Peripheral vision operates far from the center of focus, perceptively fabricating a suspended idea of reality. In this place, spatial and conceptual definition is in a constant state of flux.
Accessing the peripheral with a sense of clarity, the 2015 master’s of fine arts (MFA) students at UC Santa Barbara have employed multifaceted means of orienting themselves among the constantly shifting territorial centers and edges. Such is the work presented in “Mystical Absolutes,” the UCSB Department of Art’s MFA thesis exhibition at the campus’s Art, Design & Architecture Museum.

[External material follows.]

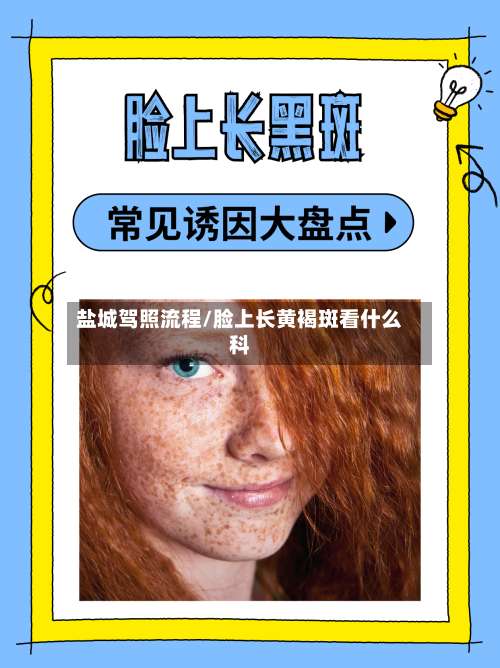 盐城驾照流程/脸上长黄褐斑看什么科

An opening reception will take place at the museum at 5:30 p.m. Friday, May 22. It is free and open to the public.
“The students are demonstrating their growth over two years, and they’re demonstrating a strong interdisciplinary and strong intermedia bent,” said Colin Gardner, professor and chair of the art department. “Some MFA programs are very materials-based, and the students focus their work in a particular area — fiber, for example, or metallurgy.

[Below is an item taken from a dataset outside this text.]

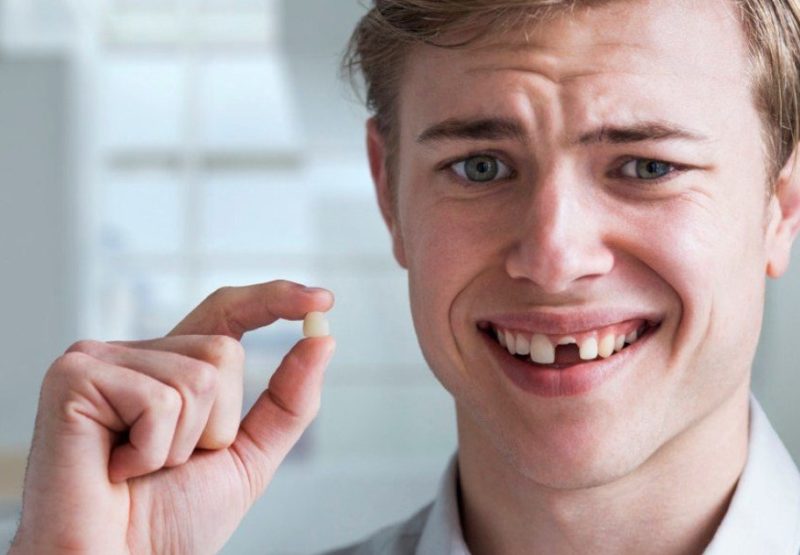 Dent tombée dans un rêve Dent tombée dans un rêve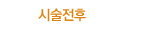 시술전후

“Our students don’t do anything remotely like that,” Gardner continued. “They might have fiber, metal and even video all mixed together, and that’s a deliberate objective on the part of the department. You’ll find a lot of eclecticism within individual pieces by the students, within each student’s body of work, and also amongst the whole group.”
The MFA students featured in the exhibition include Matt Allison, Patrick Gilbert, Jenalee Harmon, Oree Holban, Megan Mueller, Jeff Page, Emily C. Thomas and Matthew Usinowicz.
“Mystical Absolutes” continues through May 31, 2015. The Art, Design & Architecture Museum is open Wednesday through Sunday, noon to 5 p.m. Admission is free.